WORK ORDER.
Repeat the listing verbatim. Drop any pictures.

SUPPLIED INFORMATION.
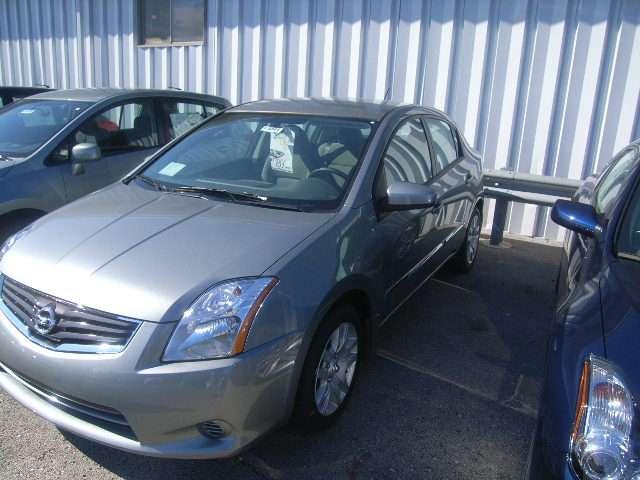 Nissan Sentra 2012 photo 2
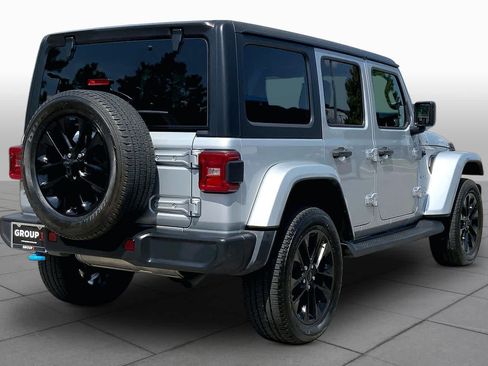 Used 2023 Jeep Wrangler Unlimited Sahara w/ Cold Weather Group AWD/4WD image 13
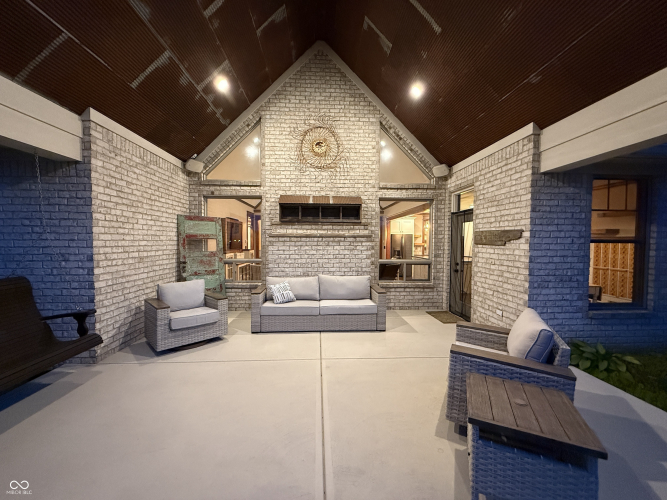Listing Image 13
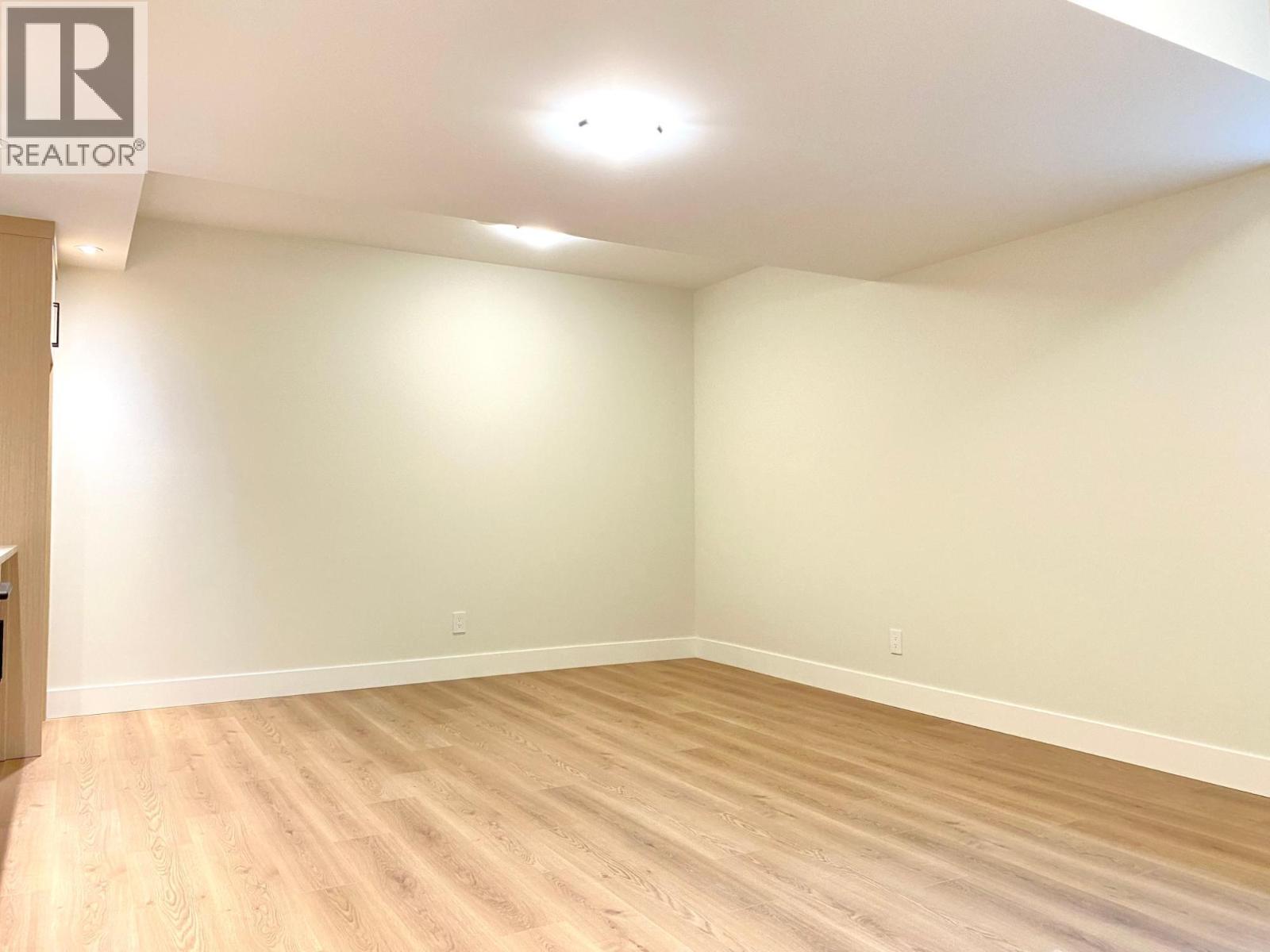 8781 Riverside Drive Property Photo 34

ANSWER AREA.
 Nissan Sentra 2012 photo 2
 Used 2023 Jeep Wrangler Unlimited Sahara w/ Cold Weather Group AWD/4WD image 13
Listing Image 13
 8781 Riverside Drive Property Photo 34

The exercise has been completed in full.